═════ RECORDS SUPPLIED ═════

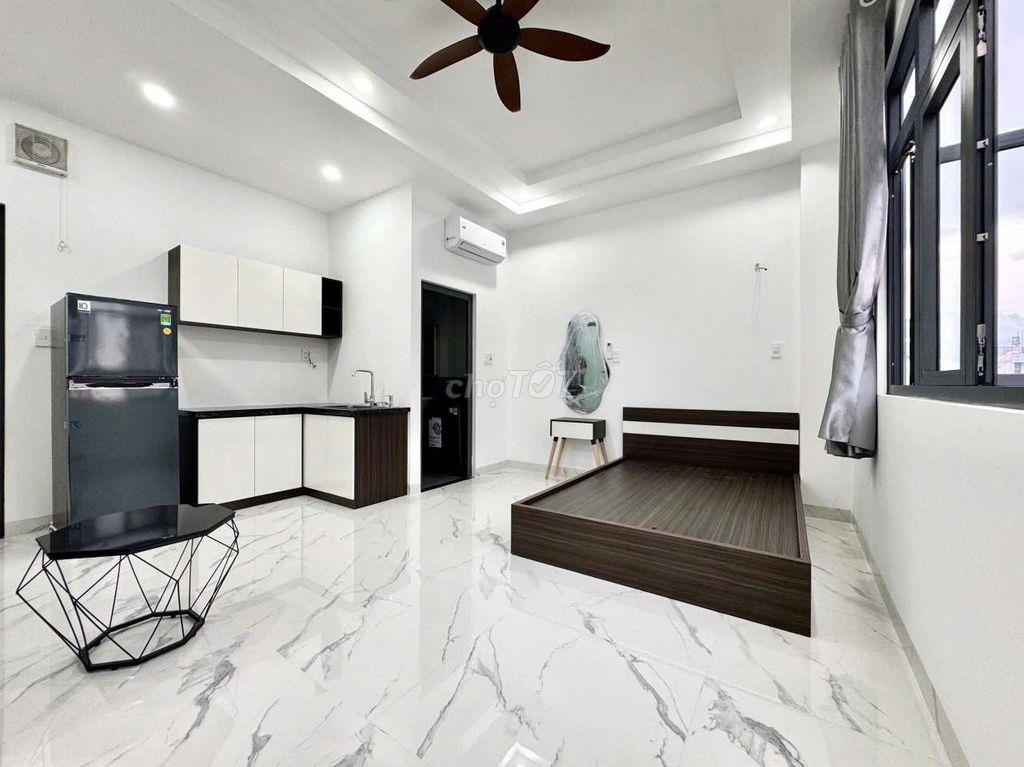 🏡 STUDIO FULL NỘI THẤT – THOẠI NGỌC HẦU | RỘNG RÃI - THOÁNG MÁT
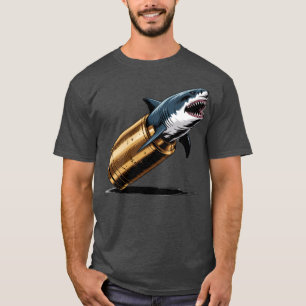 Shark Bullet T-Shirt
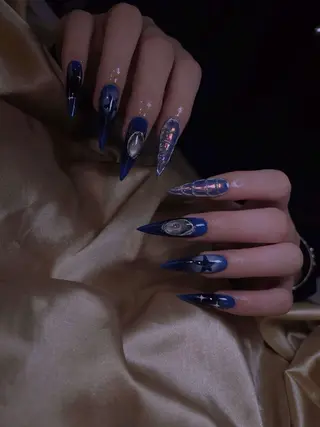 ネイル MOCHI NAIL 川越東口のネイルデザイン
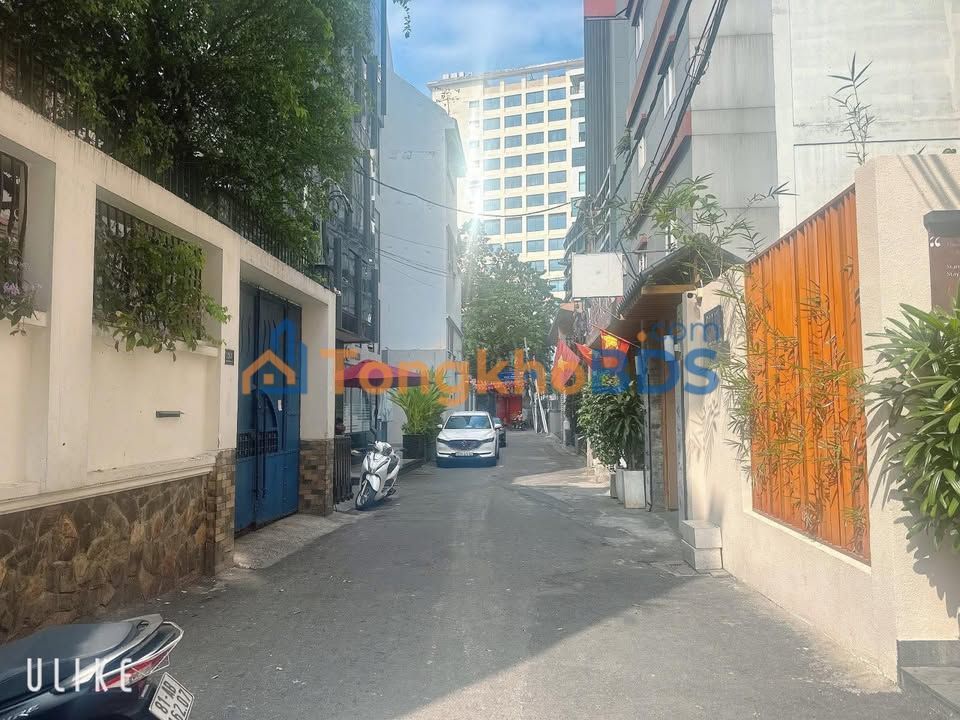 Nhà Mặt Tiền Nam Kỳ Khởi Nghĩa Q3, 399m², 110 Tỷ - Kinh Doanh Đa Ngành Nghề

═════
═════ RECORDS SUPPLIED ═════

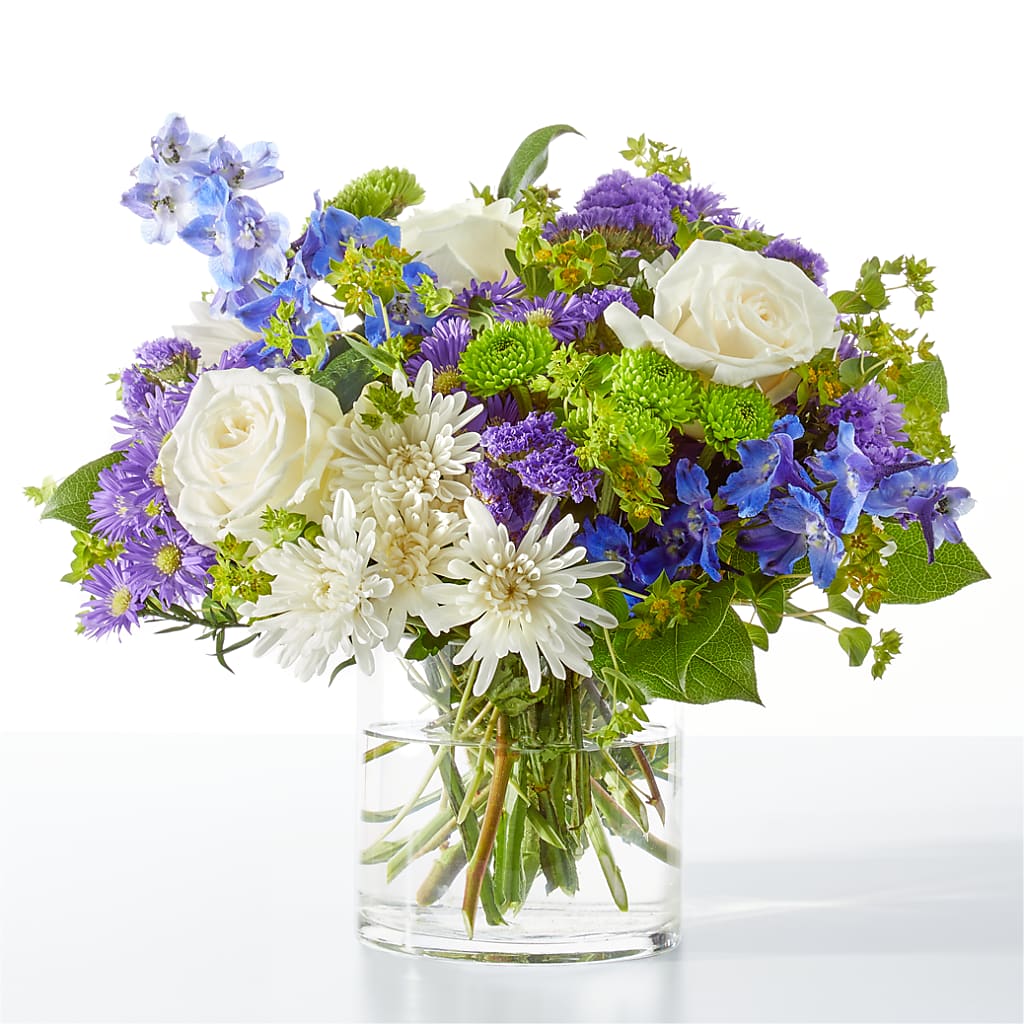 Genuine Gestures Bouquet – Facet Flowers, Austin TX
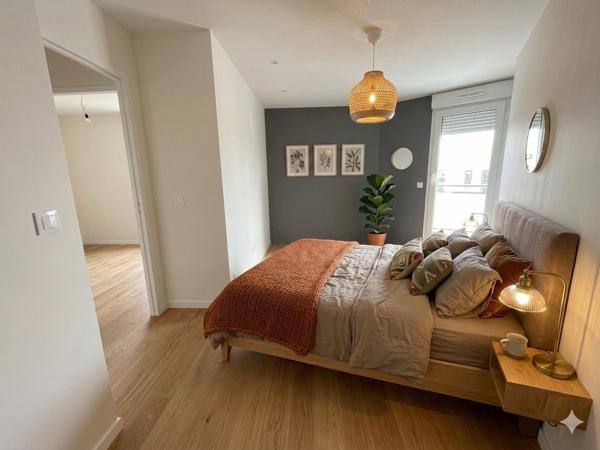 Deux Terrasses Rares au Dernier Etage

═════
═════ RECORDS SUPPLIED ═════

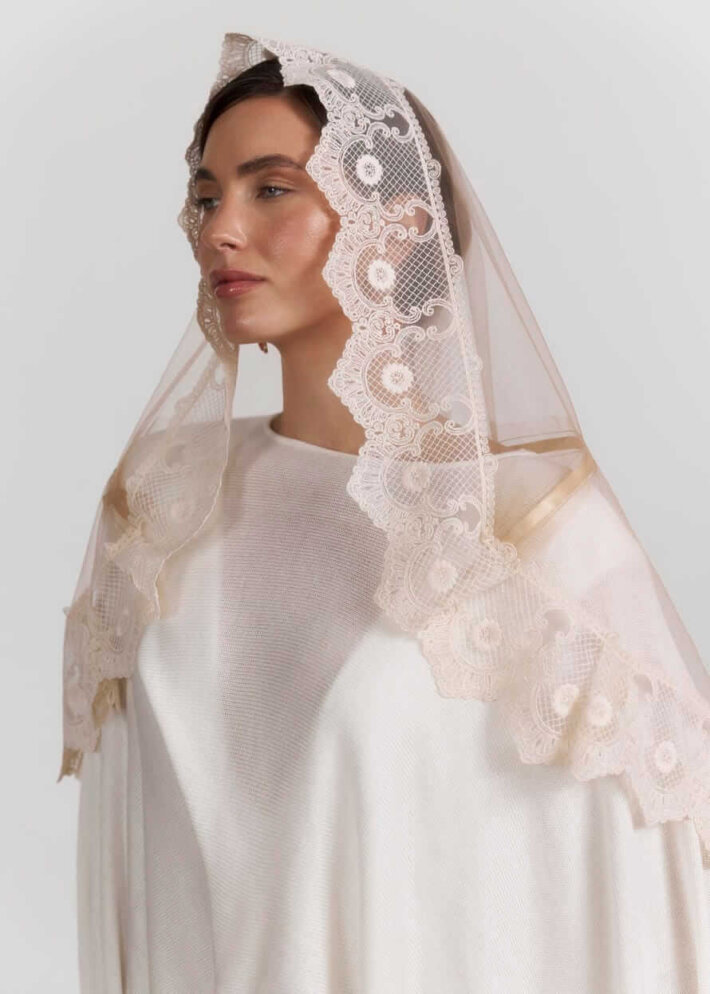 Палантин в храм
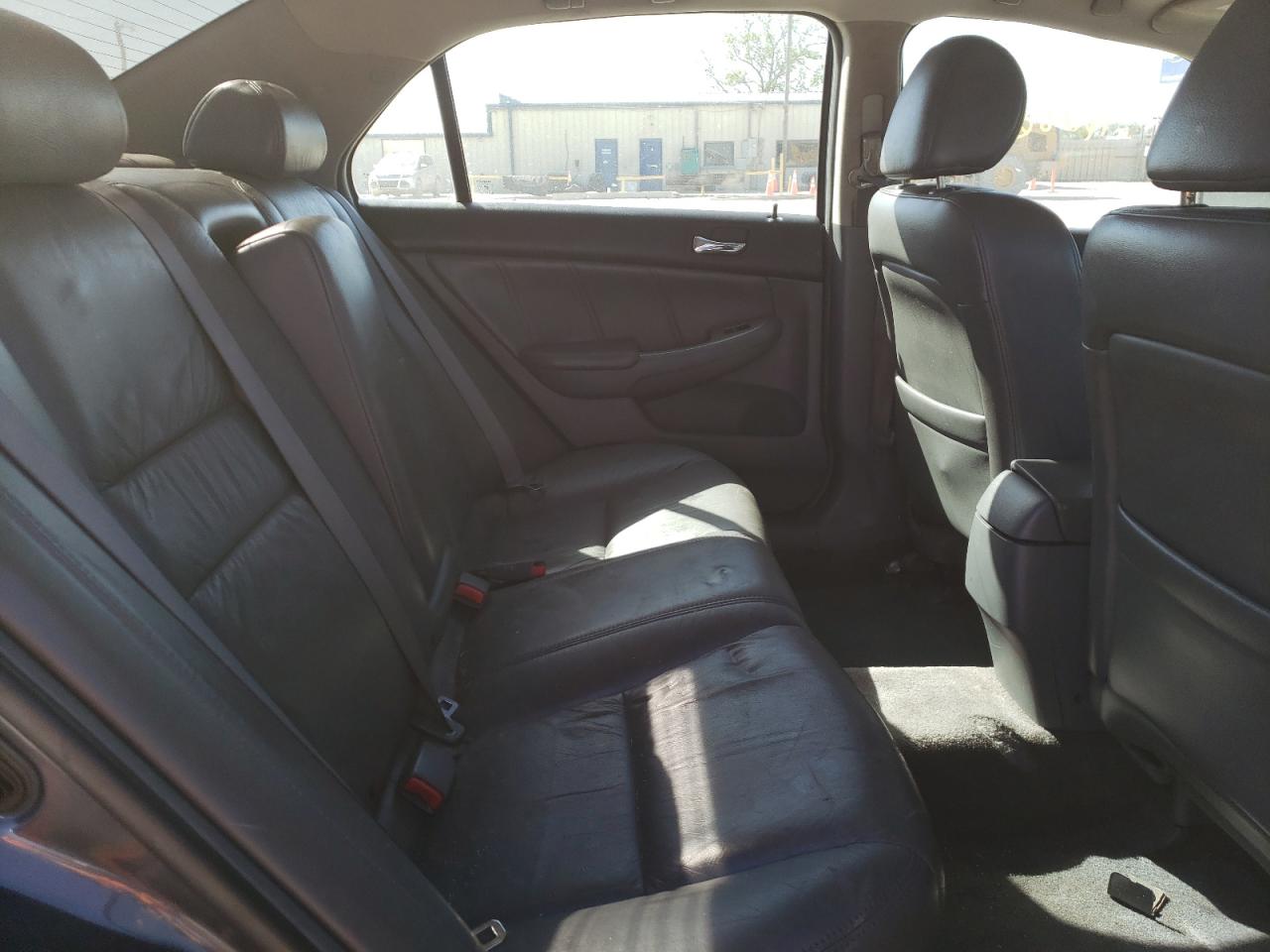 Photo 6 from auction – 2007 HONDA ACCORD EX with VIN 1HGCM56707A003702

═════

PROBLEM
Go to the line above that has "Shark Bullet T-Shirt" and copy exactly from there down to the line that has "Nhà Mặt Tiền", both included. Leave the pictures out.

RESULT OF THE EXERCISE
 Shark Bullet T-Shirt
 ネイル MOCHI NAIL 川越東口のネイルデザイン
 Nhà Mặt Tiền Nam Kỳ Khởi Nghĩa Q3, 399m², 110 Tỷ - Kinh Doanh Đa Ngành Nghề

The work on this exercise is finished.